*** Opening Material to process ***
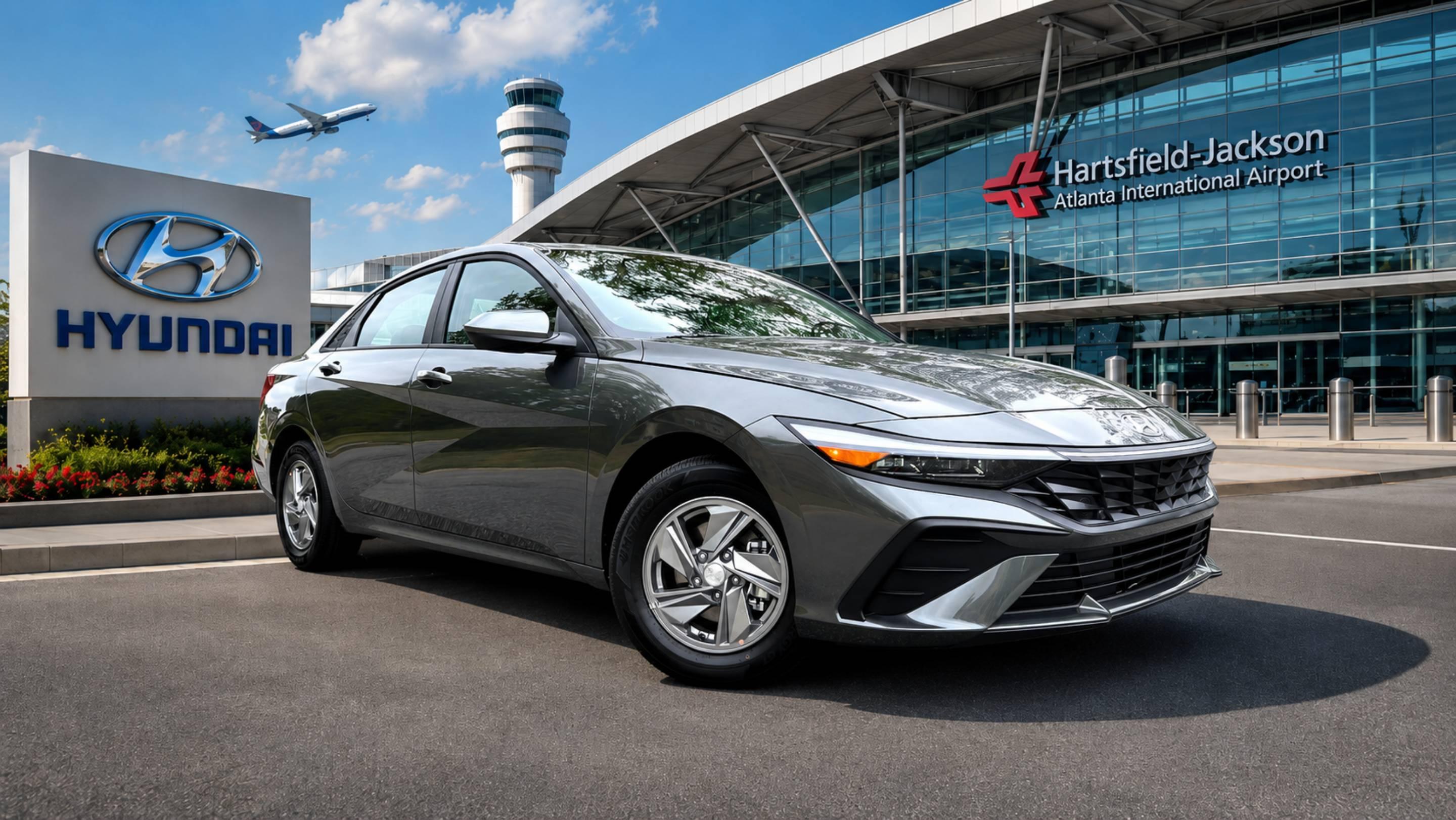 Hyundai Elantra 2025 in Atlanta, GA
*** Closing Material to process ***
*** Opening Material to process ***
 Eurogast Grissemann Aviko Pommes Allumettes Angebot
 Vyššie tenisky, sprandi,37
*** Closing Material to process ***
*** Opening Material to process ***
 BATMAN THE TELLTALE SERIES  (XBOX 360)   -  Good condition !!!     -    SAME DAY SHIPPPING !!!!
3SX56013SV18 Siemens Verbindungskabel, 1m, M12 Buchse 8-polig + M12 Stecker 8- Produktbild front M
*** Closing Material to process ***
| Work to complete |
Copy out only the lines of the records above from the one with "BATMAN THE TELLTALE" through the one with "3SX56013SV18 Siemens Verbindungskabel, 1m, M12", exactly as they stand, both included.

| Result of the exercise |
 BATMAN THE TELLTALE SERIES  (XBOX 360)   -  Good condition !!!     -    SAME DAY SHIPPPING !!!!
3SX56013SV18 Siemens Verbindungskabel, 1m, M12 Buchse 8-polig + M12 Stecker 8- Produktbild front M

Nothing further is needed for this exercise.